[TASK OBJECTIVE]
No line before the one holding "Charmed-Online-dot-net_620AWrongDaysJourneyIntoRight1041.jpg" is wanted; restate word for word that line and all lines after it to the end of the entries, excluding pictures.

---

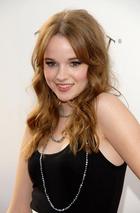 Kay Panabaker : kay_panabaker_1265655324.jpg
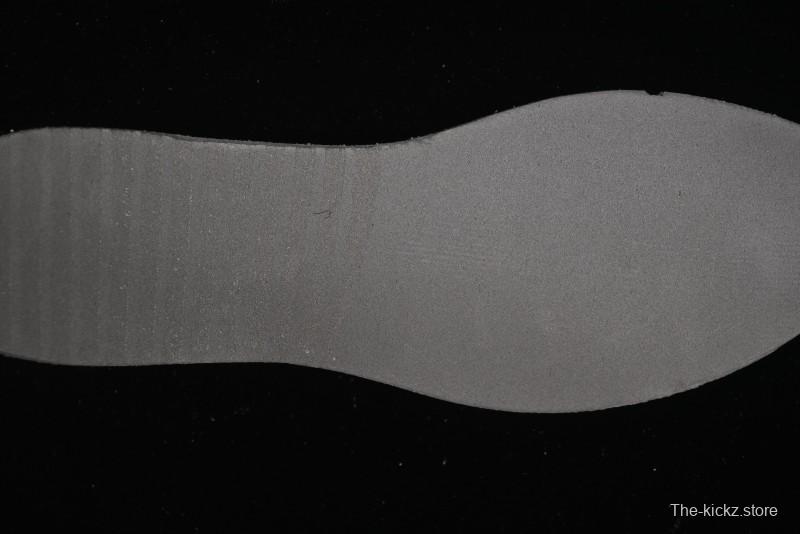 Nike V5 RNR Millennium Classic Retro Running Shoes with Foam Midsole - HJ5228-102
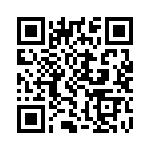 C321C241G3G5TA QRCode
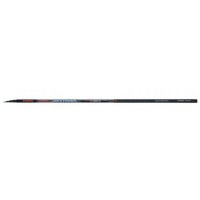 Телескопическое удилище Trabucco Antrax TSR Pole 6006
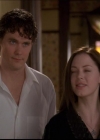 Charmed-Online-dot-net_620AWrongDaysJourneyIntoRight1041.jpg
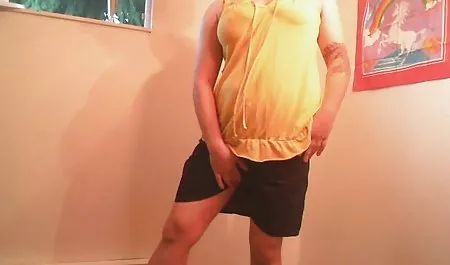 Gołe nogi od stóp podłogi nogi nogi darmowe sex filmy anal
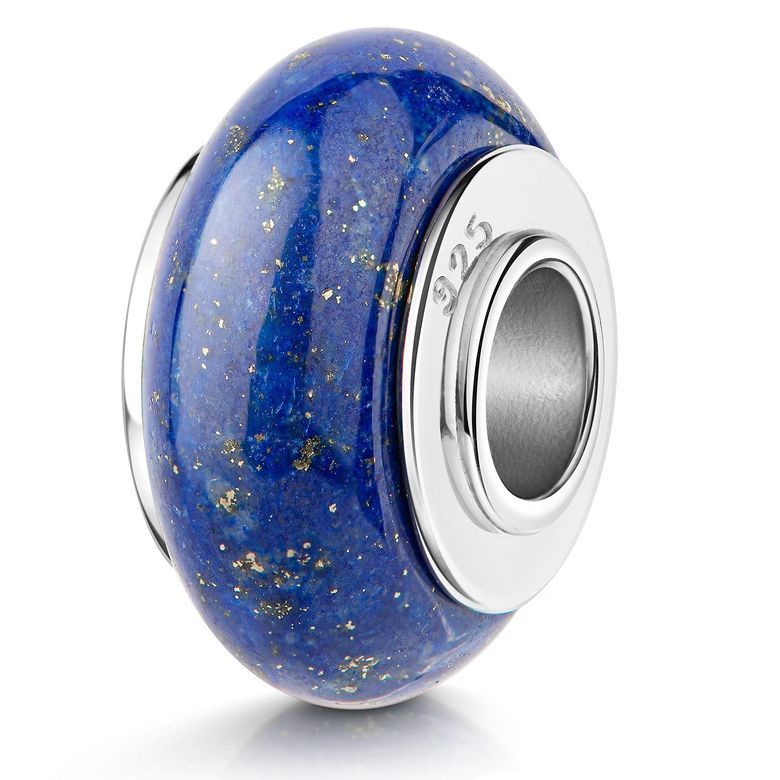 $store.getters.currentItemVariation.variation.name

---

[OUTPUT BELOW]
 Charmed-Online-dot-net_620AWrongDaysJourneyIntoRight1041.jpg
 Gołe nogi od stóp podłogi nogi nogi darmowe sex filmy anal
 $store.getters.currentItemVariation.variation.name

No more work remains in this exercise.